In yesterday’s Boston Globe, language columnist Jan Freeman raises a question that’s of interest to all bloggers: can we have too many peeves? and can community peeving increase each person’s count of annoyances even an order of magnitude higher than it would have been normally?
She starts with the great problem of the word “create.” Many of us, I suppose, have never heard anyone complain that the word “create” has a modern implication that is foreign to our traditional way of thinking. I think I first ran into this purported “issue” when reading The Closing of the American Mind, by Allan Bloom, or maybe in George Steiner. At the time, most likely, I assumed the idea—that only since the modern era have artists been considered “creative” in a sense previously reserved to God’s creation of the universe in the Biblical book of Genesis—was a commonplace. I can easily imagine Percy Bysshe Shelley, perhaps, arrogating the word “creative” to himself and his fellow poets. Yet that is only speculation, especially if, as Freeman says, there’s no basis in historical fact for thinking that “creative” in this sense is a modern invention.
In Bloom’s case, it is easy for me to dismiss what he says in retrospect. In the fifteen or twenty years since I read his book, I’ve learned a little about how political disputes can contaminate otherwise scholarly thought, and these days I wouldn’t believe anything Allan Bloom says about anything unless I could find corroboration, properly documented and argued. The case of George Steiner is more difficult given his liberal politics, but the personality he conveys in his books (and the fact that he says much Bloom would also agree with), makes it increasingly less so. Yet, if there isn’t a real issue there, why would Daniel Boorstin have begun his popular book The Creators, about the literary canon, with a survey of metaphysics or creation myths in various world civilizations? Though, on the other hand, the absence of a real issue might be exactly what makes that book a little unconvincing.

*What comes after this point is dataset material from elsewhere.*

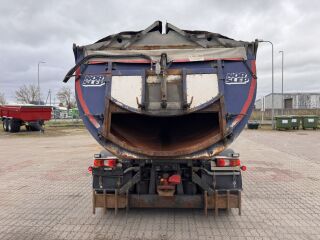 Mercedes-Benz Arocs 2651 Thermo ASPHALT EURO 6 375кВ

Is there really anybody who believes it’s immoral or impious for individuals to “create”? A couple of weeks ago, the New York Times Book Review ran a review of a book by the late Fr. Richard John Neuhaus that inspired me to coin the new logical fallacy, “dixit ergo creavit”: he said it, therefore he created it. Neuhaus, in essence, blames philosopher of postmodern pragmatism Richard Rorty for certain ills of the modern world. His evidence: Rorty’s vivid description of the effects of those ills. That is unfair, surely. Describing problems does not make them any worse or bring them more concrete being than they had before. In fact, Neuhaus himself would have been unable to attack those putative developments without Rorty’s description.
Anyway, I considered whether “creavit” or “invenit” (discovered) was the better word. “Discovered” certainly describes better what I think Rorty, a scholar, not a belle-lettriste, was trying to do in his book. But the fallacy is not only the unsurprising fact that the first person who says a thing may not have been the first person to think it. Without the idea that Rorty had introduced something new into the world, Neuhaus’s accusation doesn’t have a lot of force. Evidently he felt Rorty had created the turn of thought he wrote about: taught his students to believe this, whether or not that was an actual fact. Evidently he felt human beings would be better off if nobody at all had even suggested its possibility.